On a related note, Representative Maloney, with 11 cosponsors, also introduced the Family and Medical Leave Enhancement Act of 2009 (H.R. 824).  The bill would amend Titles I and II of the FMLA to allow federal civil service and non-civil service employees to take up to 4 hours a month, up to a total of 24 hours a year of leave for two purposes: (1) to participate in or attend a school or community sponsored activity of a son, daughter, or grand child;or (2) to meet routine family medical care needs, including routine medical and dental appointments of a son, daughter, spouse, grandchild, or elderly relative. 

Note the expansion of the FMLA to cover more family members: grandchildren, grandparents, and elderly, dependent relatives.

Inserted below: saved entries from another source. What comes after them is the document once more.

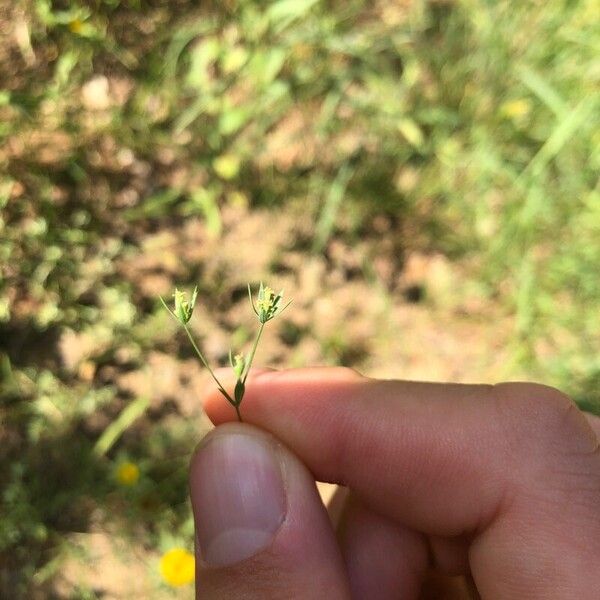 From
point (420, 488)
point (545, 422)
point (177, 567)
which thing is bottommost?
point (177, 567)

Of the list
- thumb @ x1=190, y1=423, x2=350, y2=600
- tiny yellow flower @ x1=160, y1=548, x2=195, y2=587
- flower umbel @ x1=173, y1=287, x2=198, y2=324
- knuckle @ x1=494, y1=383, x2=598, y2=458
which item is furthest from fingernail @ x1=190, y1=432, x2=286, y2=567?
tiny yellow flower @ x1=160, y1=548, x2=195, y2=587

As a candidate, President Obama supported the type of expansion of the FMLA addressed in H.R. 824.  Although not directly addressing paid family leave for federal workers, Candidate Obama did support  the expansion of paid FMLA leave by the states.       

In my humble opinion, federal employees will likely see their FMLA rights expanded sooner rather than later under the Obama administration.  Stay tuned!

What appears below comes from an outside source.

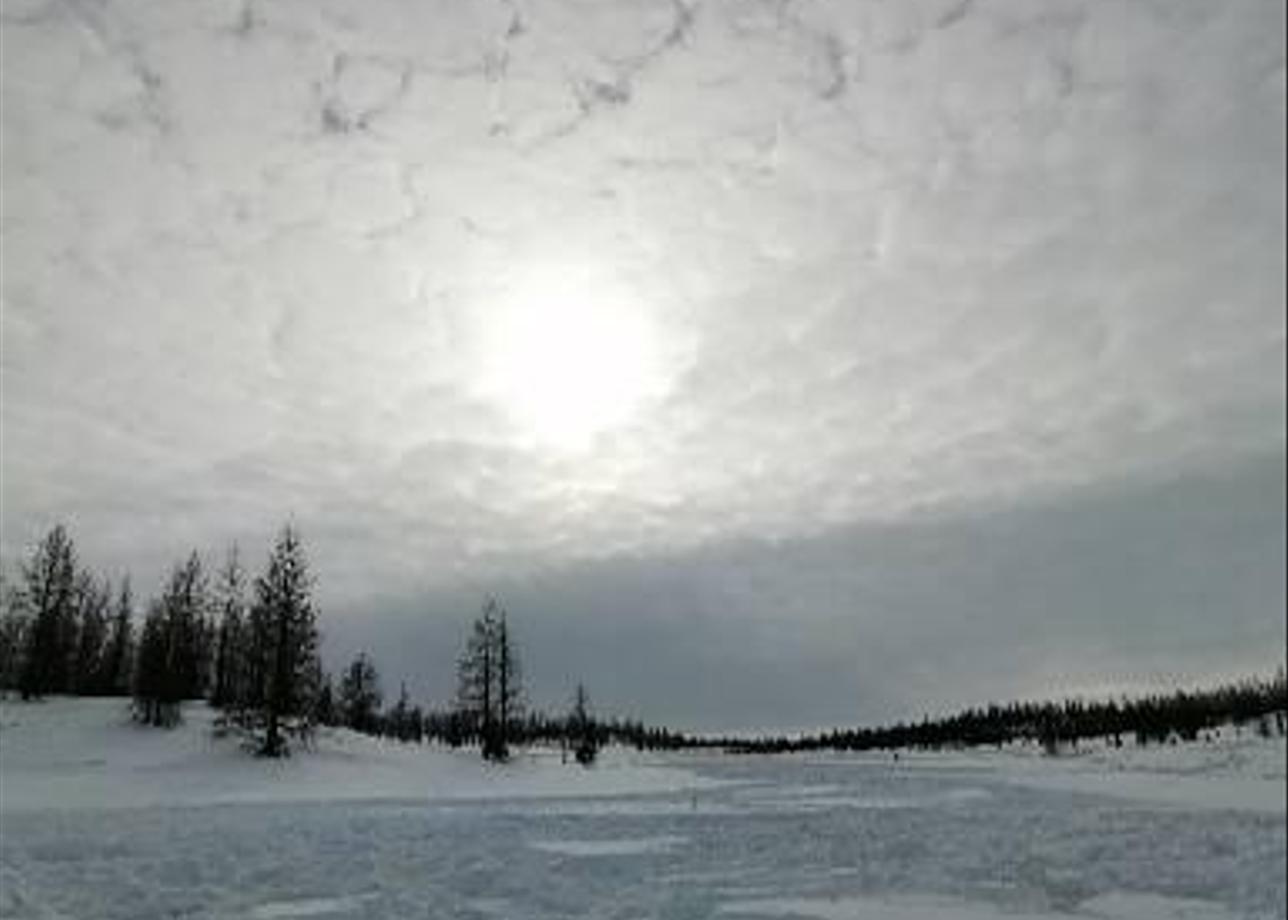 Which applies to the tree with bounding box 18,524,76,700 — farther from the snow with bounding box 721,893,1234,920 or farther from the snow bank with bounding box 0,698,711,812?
the snow with bounding box 721,893,1234,920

Federal Court Applies Wrong FMLA Standard to Federal Civil Service Employee

In Cole v. Powell, No. 07-1829 (RJL), 2009 U.S. Dist. LEXIS 22087 (D.D.C. March 19, 2009), the court dismissed the employee's FMLA claims as lacking in merit.  In that case, Janie Cole was employed in the federal civil service as a GS-9 staffing assistant by the National Gallery of Art.  Pursuant to an EEO settlement, Cole would be promoted to a GS-11 position after 90 days if she demonstrated improved and sustained dependability regarding attendance, including the advance scheduling of leave.  Cole had to schedule leave 24 hours in advance and provide documentation justifying any unscheduled leave. 

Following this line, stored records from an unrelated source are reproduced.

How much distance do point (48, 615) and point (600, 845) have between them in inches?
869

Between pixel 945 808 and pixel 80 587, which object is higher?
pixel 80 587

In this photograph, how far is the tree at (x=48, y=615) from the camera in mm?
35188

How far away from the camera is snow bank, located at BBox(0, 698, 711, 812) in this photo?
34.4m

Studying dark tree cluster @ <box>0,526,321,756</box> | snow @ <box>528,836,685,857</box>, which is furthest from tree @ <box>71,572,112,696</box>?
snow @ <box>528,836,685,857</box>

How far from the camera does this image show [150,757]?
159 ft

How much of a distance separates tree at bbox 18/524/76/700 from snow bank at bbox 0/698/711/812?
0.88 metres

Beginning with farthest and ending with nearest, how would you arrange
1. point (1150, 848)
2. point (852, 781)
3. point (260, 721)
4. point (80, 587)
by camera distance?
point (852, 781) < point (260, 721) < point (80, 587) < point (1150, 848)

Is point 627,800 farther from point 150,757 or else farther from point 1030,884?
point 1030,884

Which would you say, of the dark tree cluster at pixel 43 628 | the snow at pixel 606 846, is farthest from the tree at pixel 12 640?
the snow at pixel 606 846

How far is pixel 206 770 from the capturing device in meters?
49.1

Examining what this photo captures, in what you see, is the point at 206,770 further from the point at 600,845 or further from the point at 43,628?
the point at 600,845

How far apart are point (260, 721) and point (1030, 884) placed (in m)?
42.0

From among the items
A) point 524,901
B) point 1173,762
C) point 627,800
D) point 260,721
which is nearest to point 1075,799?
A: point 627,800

Cole incurred three unscheduled absences during the 90-day period.  As a result, the Gallery denied Cole the promotion. Cole sued, alleging that the settlement agreement was unenforceable because it violated the FMLA.  Specifically, she alleged that the 24-hour notice and medical documentation requirements violated the FMLA.  The court disagreed.  Relying on 29 CFR 825.303(a) and 29 USC 2613, the court found that the 24-hour advance notice and medical documentation requirements were permitted by the FMLA.  As such, the court concluded that Cole had failed to demonstrate that the settlement agreement interfered with her FMLA rights.

Comment:  The decision reaches the correct result for the wrong reason.  Federal civil service employees are covered by Title II of the FMLA (the OPM regulations), not Title I (the DOL FMLA regulations).  The court's reliance on Title I (29 USC 2613) and the DOL FMLA regulations (29 CFR 825.303(a)) was incorrect.  The court should have simply dismissed the case for failure to state a claim because federal civil service employees, unlike their Title I counterparts, do not have the right to file a federal civil suit to enforce their Title II FMLA rights.